Village in Cornwall, England

Gunnislake (Dowrgonna) is a large village in east Cornwall, England, United Kingdom. It is situated in the Tamar Valley approximately 10 mi north of Plymouth The first woman cabinet minister in the British Empire, Mary Ellen Smith, was born here in 1863.

Gunnislake is in the civil parish of Calstock and is close to Cornwall's border with Devon which follows the course of the River Tamar. It has an electoral ward in its own name which includes much of Calstock and the surrounding area.

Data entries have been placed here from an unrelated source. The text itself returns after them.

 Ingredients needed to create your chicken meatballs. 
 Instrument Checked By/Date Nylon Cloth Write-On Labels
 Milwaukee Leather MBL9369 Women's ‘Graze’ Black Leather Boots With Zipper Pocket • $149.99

The population at the 2011 census was 4,574. According to an OCSI report, of the total population, 562 (18.2%) are children, making up a larger proportion of the population than across Cornwall and Isles of Scilly (17.3%). 685 (22.2%) are people of pensionable age, making up a smaller proportion of the population than across Cornwall and Isles of Scilly (24.3%).

The village has a history of mining although this industry is no longer active in the area. During the mining boom in Victorian times more than 7000 people were employed in the mines of the Tamar Valley. During this period Gunnislake was held in equal standing amongst the richest mining areas in Europe.

==History==
There has recently been discovered a significant Roman fort on the outskirts of Calstock, the largest known Roman site in Cornwall. Hingston Down is usually accepted as the place mentioned in an entry in the Anglo-Saxon Chronicle for 835 (corrected by scholars to 838) which says that Egbert king of the West Saxons defeated an alliance of Cornish Britons and Danish Vikings.

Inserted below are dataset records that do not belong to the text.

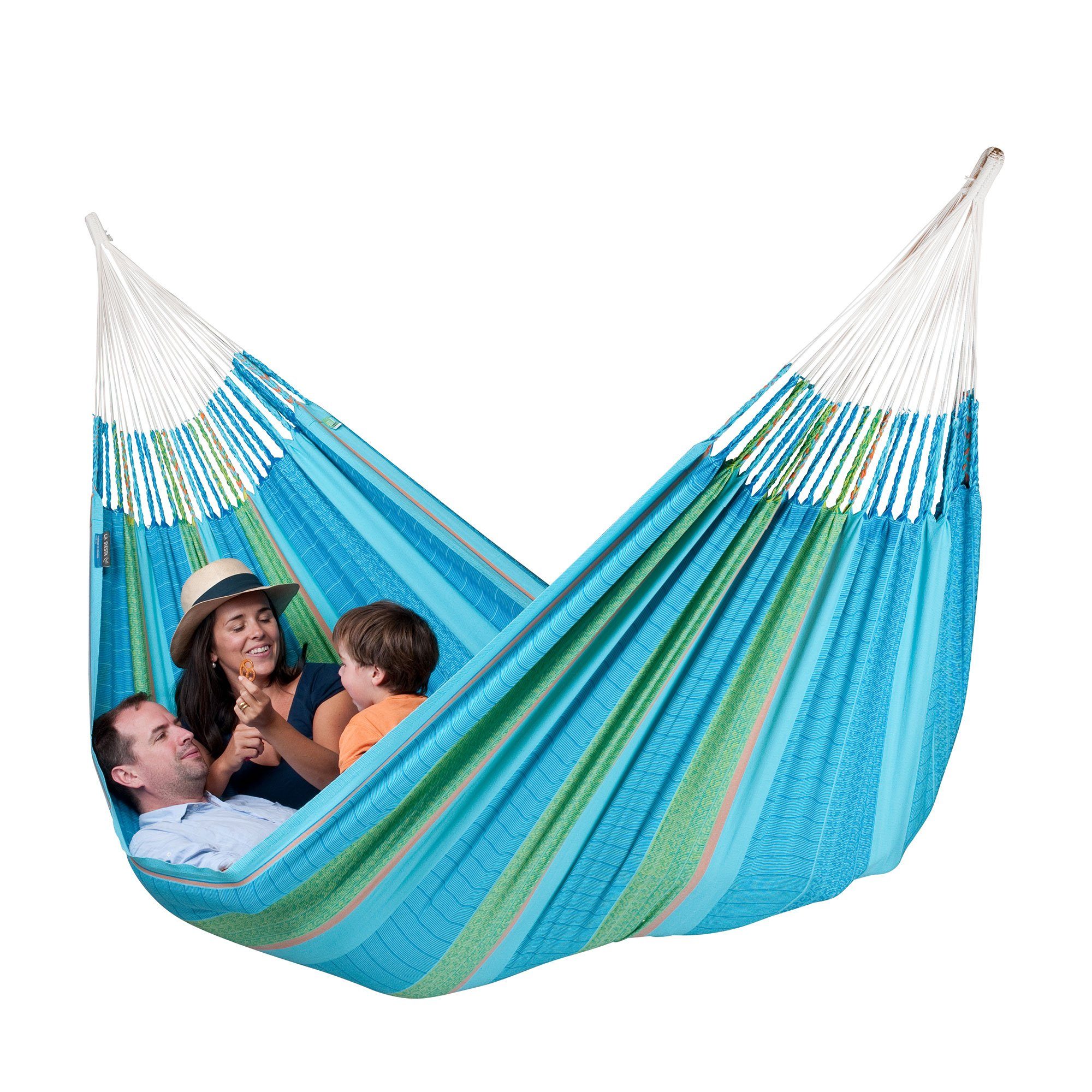La Siesta Hängematte Familien Hängematte Flora curacao - La Siesta Bio Baumwolle, Reine Baumwolle aus biologischem Anbau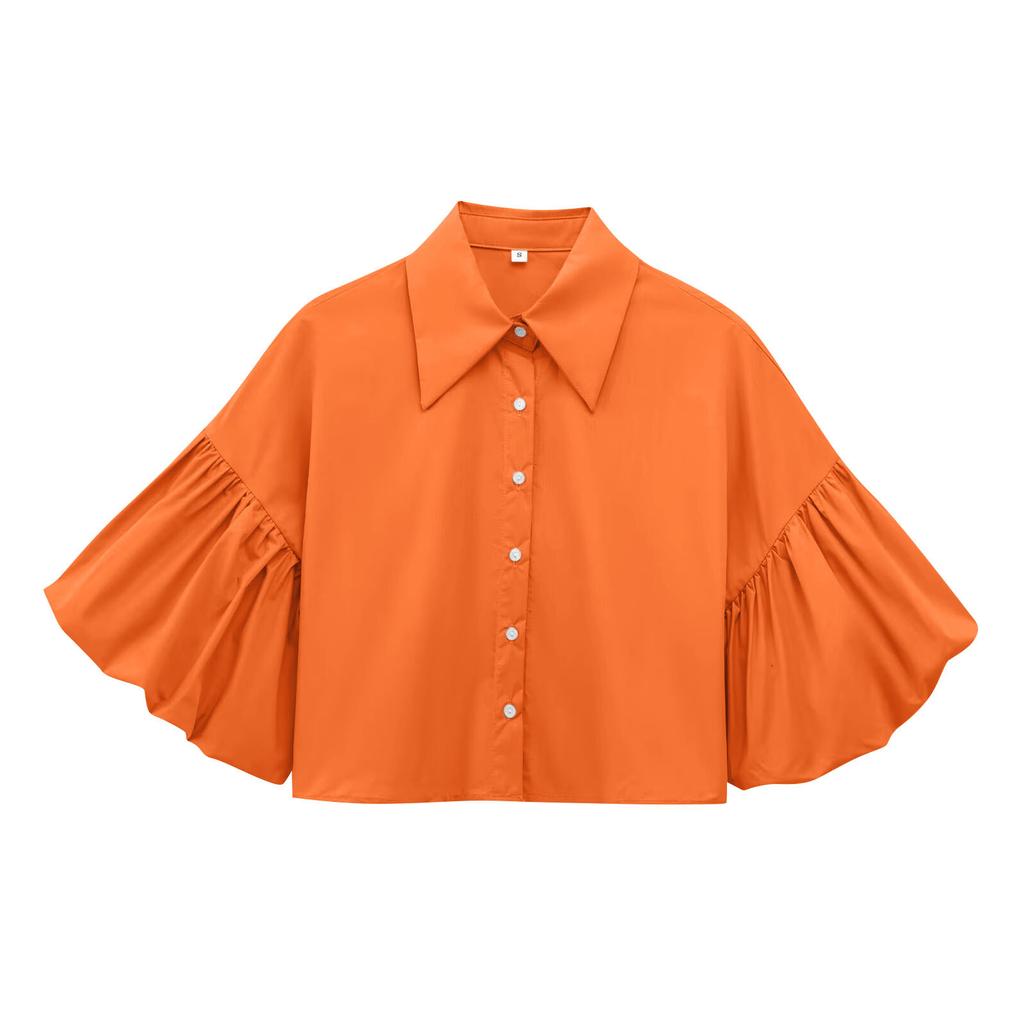 Women's Casual Floral Print V-Neck Short Sleeve Decorative Button T-Shirt Top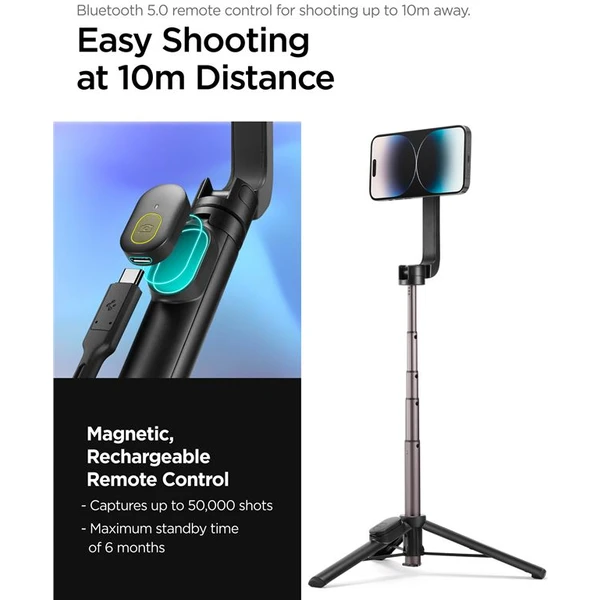 Spigen MagSafe Tripod Selfie Stick černá - Držáky - Obrázek 2JA1000P01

In 1644 the Battle of Gunnislake New Bridge was fought.

The famous painting by Turner Crossing the Brook exhibited in 1815 is in fact a view of Gunnislake Newbridge. Newbridge was built c. 1520: it is 182 feet long and has seven arches. It is built of large regular granite blocks and is considered by Sir Nikolaus Pevsner to be the best of the Cornish granite bridges.

Gunnislake's development was primarily due to the dramatic increase in mining and industrial activity in the nineteenth century. Mining provided around 7000 jobs at its peak in 1862. Most mining activity ceased in the late nineteenth century which has bequeathed interest for archaeologists and students of industrial heritage. As well as mining, other industry such as brickworks and quarries were present. Nearby, locations such as Kit Hill, Morwellham Quay, Cotehele and Calstock were mined and quarried and the Tamar was used for transporting the raw material obtained from the works. Arsenic was produced at Greenhill, Gunnislake until at least 1930.

A church dedicated to St. Anne was consecrated by Edward Benson, the Bishop of Truro in 1880.

==Geography==
The area is mainly residential with a small handful of businesses ranging from pubs to garages and small shops. Gunnislake is located in the Tamar Valley designated Area of Outstanding Natural Beauty, though some recent industrial development has been attempted and achieved. Within early 2006 Hingston Down Quarry installed a new asphalt production tower which is easily noticeable as it is proud of the skyline of Gunnislake.

Since 2001, the village has annually hosted its own festival, encompassing a variety of events throughout a week-long celebration.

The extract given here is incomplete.